(DATA SECTION Opens)

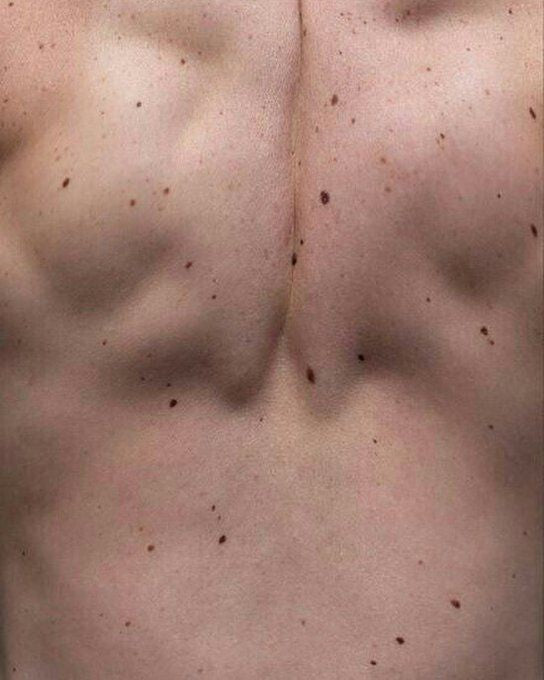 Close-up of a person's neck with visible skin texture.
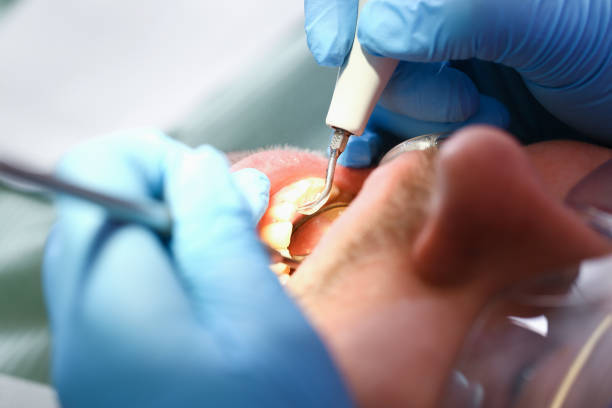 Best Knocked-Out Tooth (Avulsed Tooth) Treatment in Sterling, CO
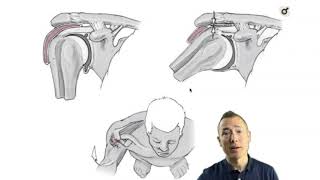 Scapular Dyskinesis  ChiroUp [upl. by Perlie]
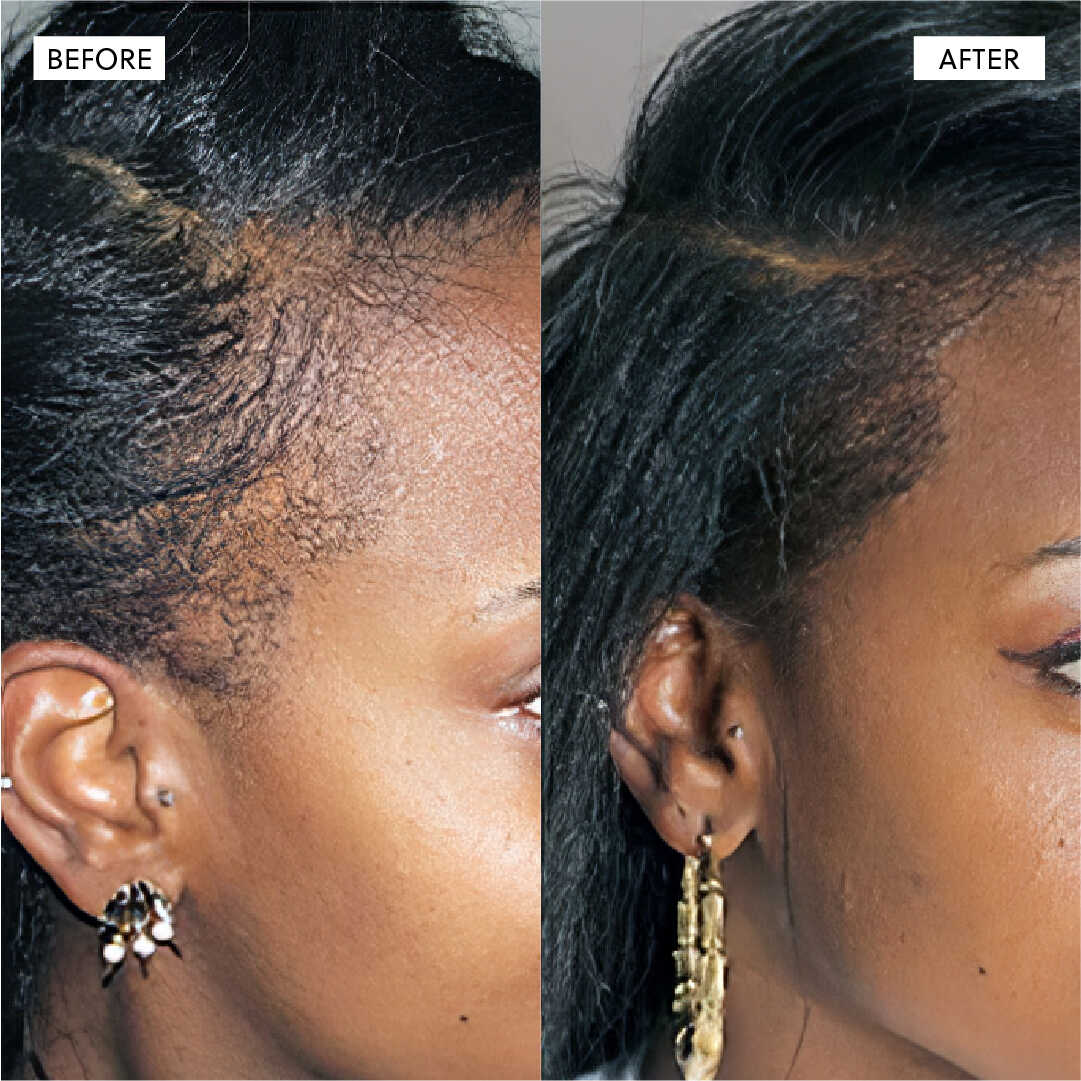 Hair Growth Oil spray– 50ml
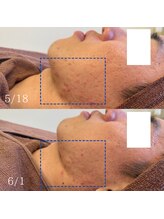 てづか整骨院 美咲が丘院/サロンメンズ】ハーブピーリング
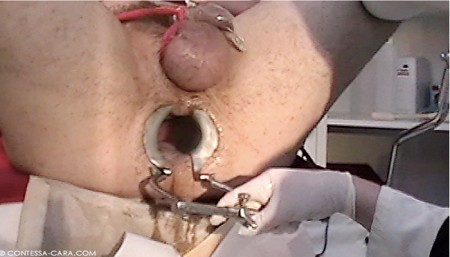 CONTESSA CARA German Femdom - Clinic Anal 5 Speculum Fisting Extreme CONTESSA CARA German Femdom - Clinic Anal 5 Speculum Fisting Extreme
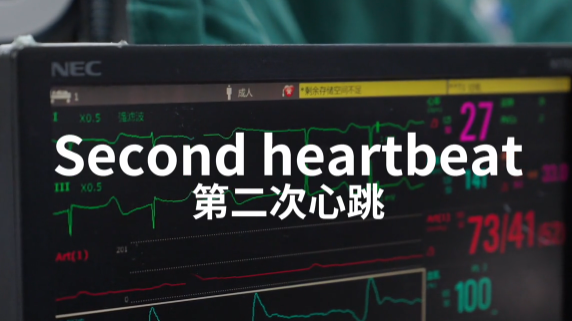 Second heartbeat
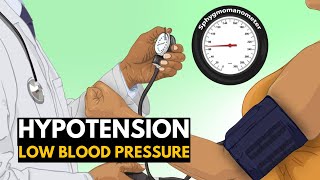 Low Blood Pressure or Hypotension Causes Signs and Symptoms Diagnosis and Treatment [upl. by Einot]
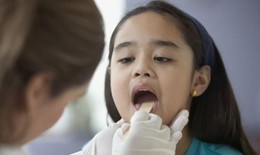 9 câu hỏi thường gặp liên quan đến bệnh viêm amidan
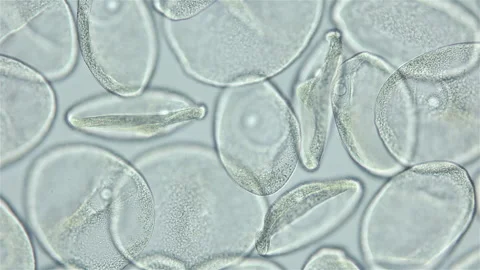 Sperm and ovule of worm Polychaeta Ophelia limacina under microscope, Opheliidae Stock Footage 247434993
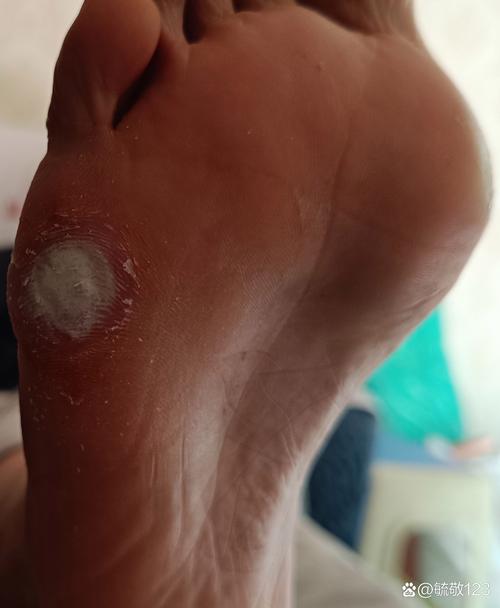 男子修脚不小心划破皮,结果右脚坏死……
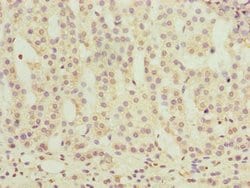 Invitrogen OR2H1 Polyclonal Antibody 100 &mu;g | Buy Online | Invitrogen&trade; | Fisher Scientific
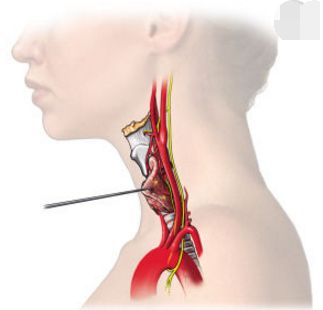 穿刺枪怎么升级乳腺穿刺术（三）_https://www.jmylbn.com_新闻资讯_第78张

(DATA SECTION Closes)

**ACTION ITEM:**
Nothing but the lines from the one containing "てづか整骨院 美咲が丘院/サロンメンズ】ハーブピーリング" through the end of the entries is to be retyped, exactly as written and without pictures.

**ANSWER SECTION:**
 てづか整骨院 美咲が丘院/サロンメンズ】ハーブピーリング
 CONTESSA CARA German Femdom - Clinic Anal 5 Speculum Fisting Extreme CONTESSA CARA German Femdom - Clinic Anal 5 Speculum Fisting Extreme
 Second heartbeat
 Low Blood Pressure or Hypotension Causes Signs and Symptoms Diagnosis and Treatment [upl. by Einot]
 9 câu hỏi thường gặp liên quan đến bệnh viêm amidan
 Sperm and ovule of worm Polychaeta Ophelia limacina under microscope, Opheliidae Stock Footage 247434993
 男子修脚不小心划破皮,结果右脚坏死……
 Invitrogen OR2H1 Polyclonal Antibody 100 &mu;g | Buy Online | Invitrogen&trade; | Fisher Scientific
 穿刺枪怎么升级乳腺穿刺术（三）_https://www.jmylbn.com_新闻资讯_第78张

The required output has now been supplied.